2SM WITH MARCUS PAUL IN THE MORNING

TUESDAY, 3 NOVEMBER 2020

SUBJECT: Commonwealth Integrity Commission.

MARCUS PAUL, HOST: Andrew Leigh is the Shadow Assistant Minister for Treasury. He's on the program. Andrew, good morning.

ANDREW LEIGH, SHADOW ASSISTANT MINISTER FOR TREASURY AND CHARITIES: Good morning, Marcus.

PAUL: You've campaigned long and hard for a federal ICAC. Are you at all surprised by the fact that this is a kind of watered down ICAC, if you like?

LEIGH: This is more a cover up commission than a corruption commission, Marcus. I mean, you've been on the case as much as anyone and I think the government is only acting because of the strong public pressure that has been on your program and from Labor, from independents like Helen Haines. What’s been delivered is just like Mike Carlton said - a corruption commission which can't initiate its own hearings, which doesn't have the power to sit in public, which wouldn't have the power to look back through so many of the scandals that have emerged under the Morrison Government.

PAUL: Yeah, the Attorney General Christian Porter detailed the CIC - the Commonwealth Integrity Commission, we'll call it CIC. He's detailed the framework yesterday, calling it complicated because it would capture the conduct of more than 150,000 public servants and many thousands more people employed in the government sector. The CIC would have quote ‘greater investigatory powers than a royal commission’, Mr Porter said. Is that right?

LEIGH: Well, it'll have substantially less powers in some cases. So for example, royal commissions can investigate matters that don't reach the standard of criminal conduct. This integrity commission wouldn't be able to do that, for example, and I think there would be many instances in which we would expect public servants to be held to a higher standard than simply not committing crimes. The model that's being put forward is nowhere near as powerful, for example, as the one that independent Helen Haines brought forward. Labor has been calling for a much more powerful integrity commission since the start of 2018, and the government's known about these criticisms, Marcus.  When its original proposal was first raised a couple of years ago, these criticisms were mentioned. And they seem to have done absolutely nothing to address them.

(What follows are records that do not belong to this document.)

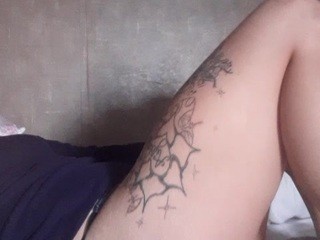 lovebug6972 on cam for live i sexy video chat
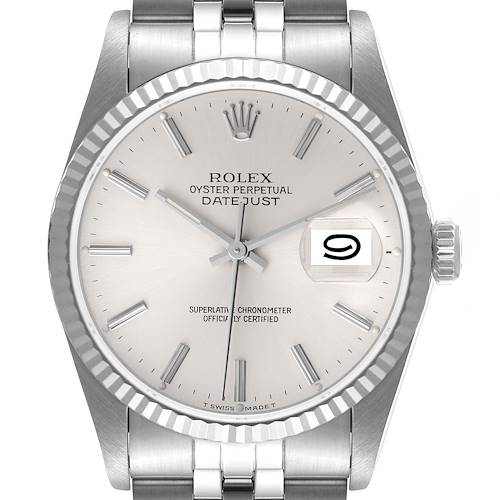 The image shows a frontal view of the dial and bracelet of the Rolex Datejust watch, displaying time and date details.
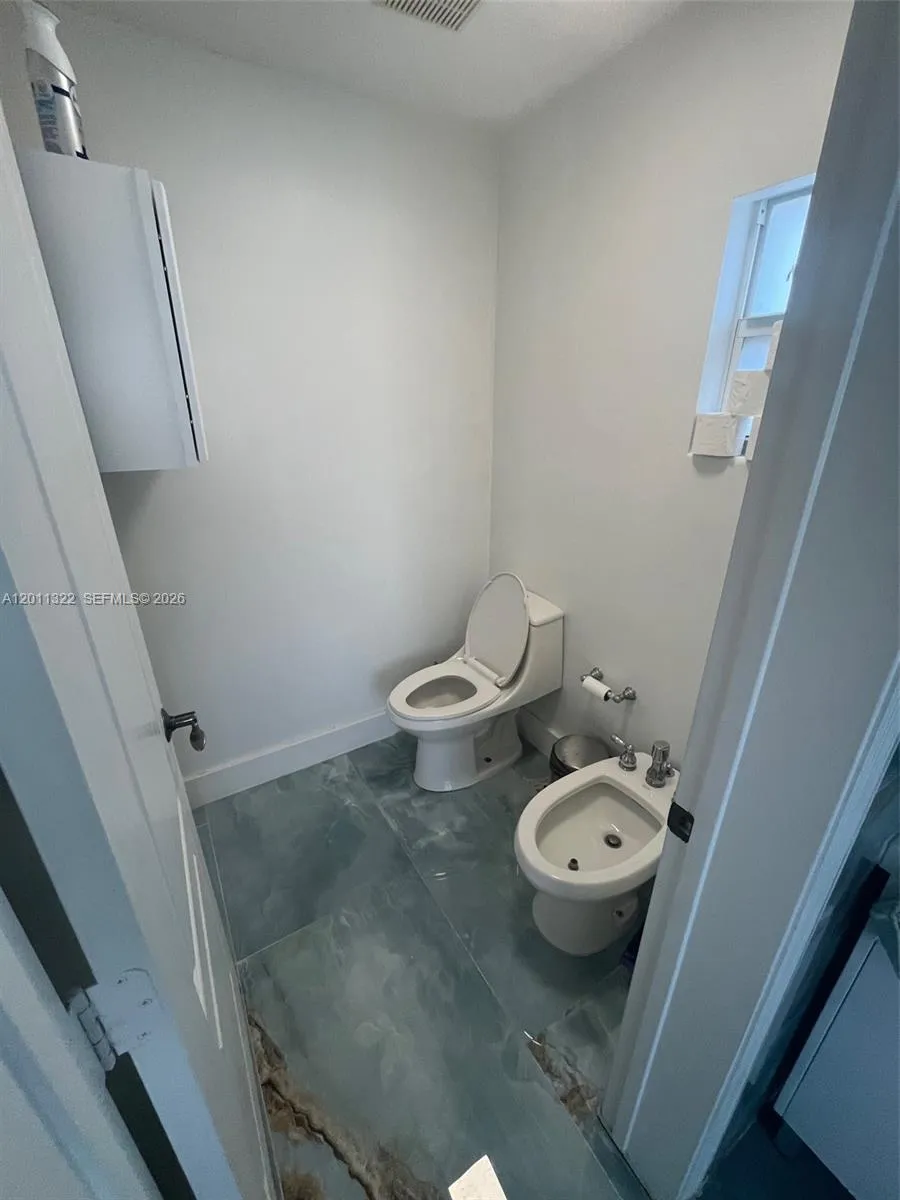 3915 NE 168th St #3915 North Miami Beach, FL 33160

PAUL: Alright. Well, I mean, the CIC would include the power to tap phones, carry out search warrants, compel witnesses to testify at hearings and force people to surrender documents and other evidence. The government was handed an exposure draft - as you said - by Helen Haines. At the same time, the Prime Minister defended any delay by invoking the COVID pandemic, saying it was complex legislation and it required detailed consultation. Well, I mean, he summed it in Parliament, ‘I was not going to have one public servant diverted from the task of focusing on our whole of government approach dealing with this pandemic’. Alright, well, we've done very well with the pandemic - it's now time to shift focus not entirely away from dealing with COVID-19, but to get this important piece of legislation passed. But I mean, if it's a toothless lap dog, what’s the point?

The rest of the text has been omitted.